L’externalisation consiste, pour une administration comme pour une entreprise, à transférer l’exercice d’une fonction à un organisme tiers. Entre l’achat de services de gardiennage et la concession d’une autoroute, elle peut prendre des formes très diverses.

Le recensement des marchés publics en France reste fragile et ne permet pas de faire des comparaisons internationales fiables. Les achats de biens et services des administrations publiques en comptabilité nationale (248 Md€ soit 8,8 % du PIB en 2023 en France) peuvent en revanche être comparés, de même que le taux d’externalisation qui rapporte leur montant à celui des dépenses de fonctionnement et d’investissement. En 2023, seuls trois pays avaient un taux d’externalisation plus faible que celui de la France (40 %). Ce taux est beaucoup plus élevé dans les administrations publiques locales que dans les administrations centrales.

L’externalisation est plus coûteuse que la production de services en interne dans la mesure où le coût du capital des entreprises privées est plus élevé que celui des administrations. Les entreprises privées peuvent toutefois être plus flexibles, plus innovantes, plus spécialisées et, au total, moins coûteuses et plus efficaces si elles sont soumises à une concurrence suffisamment forte.

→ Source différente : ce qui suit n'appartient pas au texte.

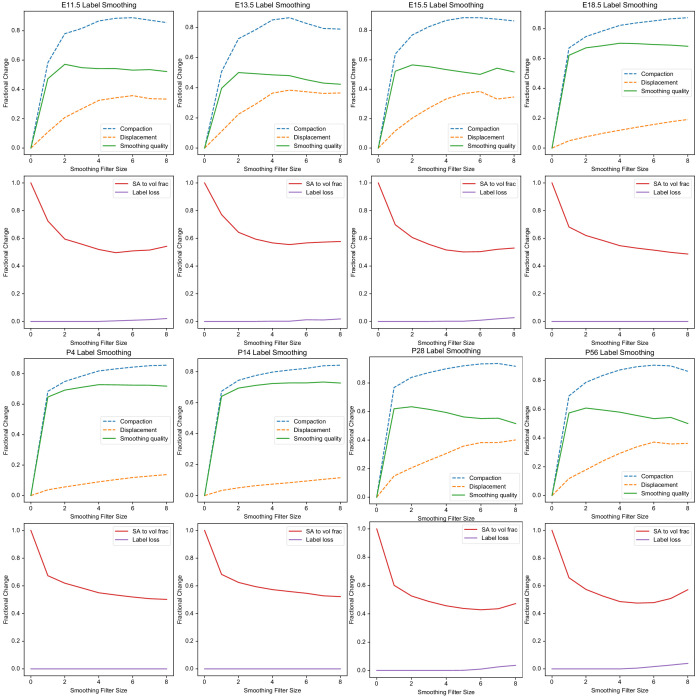 Figure 3—figure supplement 3.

Comme le souligne Jean Tirole, « l’objectif de la commande publique, quel qu’en soit le montant, est avant tout de satisfaire un besoin identifié en parvenant à la meilleure performance en termes de coût et de services ou fonctionnalités attendus. Charger la commande publique d’atteindre des objectifs sociaux, environnementaux ou d’innovation est inefficace ». Or, d’une part, l’administration est trop souvent incapable d’identifier ses besoins lorsqu’elle passe un marché et, d’autre part, de multiples critères de choix autres que le prix ont été introduits dans le code de la commande publique. L’efficacité des achats publics reste donc trop souvent insuffisante.

L’externalisation ne doit pas être recommandée ou proscrite par principe mais doit faire l’objet d’analyses au cas par cas de ses avantages et inconvénients en tenant compte du processus de mise en concurrence. Cette conclusion vaut pour les marchés de conseil en stratégie comme pour les autres.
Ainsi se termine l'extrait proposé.